## ACTION ITEM
Up to and including the line with "F 5350 - Philatélie", write out the listing from its first line, minus the pictures.

## COLLECTED DATA

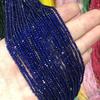 Nuevas cuentas de vidrio de tierras raras de colores con circonitas de cristal tallado de 2 mm, accesorios para el cabello antiguos para hacer tú mismo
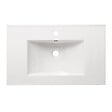 NATUREL - Modena 81x46 cm lavabo en céramique avec trou pour robinetterie au milieu, blanc brillant (M8046) - vignette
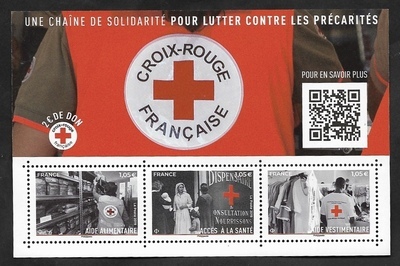 F 5350 - Philatélie - carnet de timbres de France Croix Rouge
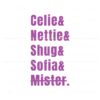 celie-nettie-shug-sofia-mister-the-color-purple-svg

## ANSWER TO THIS PROBLEM
 Nuevas cuentas de vidrio de tierras raras de colores con circonitas de cristal tallado de 2 mm, accesorios para el cabello antiguos para hacer tú mismo
 NATUREL - Modena 81x46 cm lavabo en céramique avec trou pour robinetterie au milieu, blanc brillant (M8046) - vignette
 F 5350 - Philatélie - carnet de timbres de France Croix Rouge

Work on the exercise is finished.